The main purpose of Optical Character Recognition Project in Java (OCR) system based on a grid infrastructure is to perform Document Image Analysis, document processing of electronic document formats converted from paper formats more effectively and efficiently. This improves the accuracy of recognizing the characters during document processing compared to various existing available character recognition methods. Here OCR technique derives the meaning of the characters, their font properties from their bit-mapped images.

Optical Character Recognition

  • The primary objective is to speed up the process of character recognition in document processing. As a result the system can process huge number of documents with-in less time and hence saves the time.
  • Since our character recognition is based on a grid infrastructure, it aims to recognize multiple heterogeneous characters that belong to different universal languages with different font properties and alignments. 

Existing System

     In the running world there is a growing demand for the users to convert the printed documents in to electronic documents for maintaining the security of their data. Hence the basic OCR system was invented to convert the data available on papers in to computer process able documents, So that the documents can be editable and reusable. The existing system/the previous system of OCR on a grid infrastructure is just OCR without grid functionality. That is the existing system deals with the homogeneous character recognition or character recognition of single languages.
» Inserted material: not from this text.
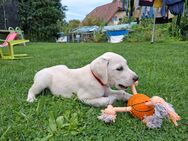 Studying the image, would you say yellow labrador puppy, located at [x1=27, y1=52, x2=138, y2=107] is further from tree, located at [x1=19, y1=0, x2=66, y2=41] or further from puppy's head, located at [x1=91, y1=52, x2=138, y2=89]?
tree, located at [x1=19, y1=0, x2=66, y2=41]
Proposed Optical Character Recognition System:

     Our proposed system is OCR on a grid infrastructure which is a character recognition system that supports recognition of the characters of multiple languages. This feature is what we call grid infrastructure which eliminates the problem of heterogeneous character recognition and supports multiple functionalities to be performed on the document. The multiple functionalities include editing and searching too where as the existing system supports only editing of the document. In this context, Grid infrastructure means the infrastructure that supports group of specific set of languages. Thus OCR on a grid infrastructure is multi-lingual.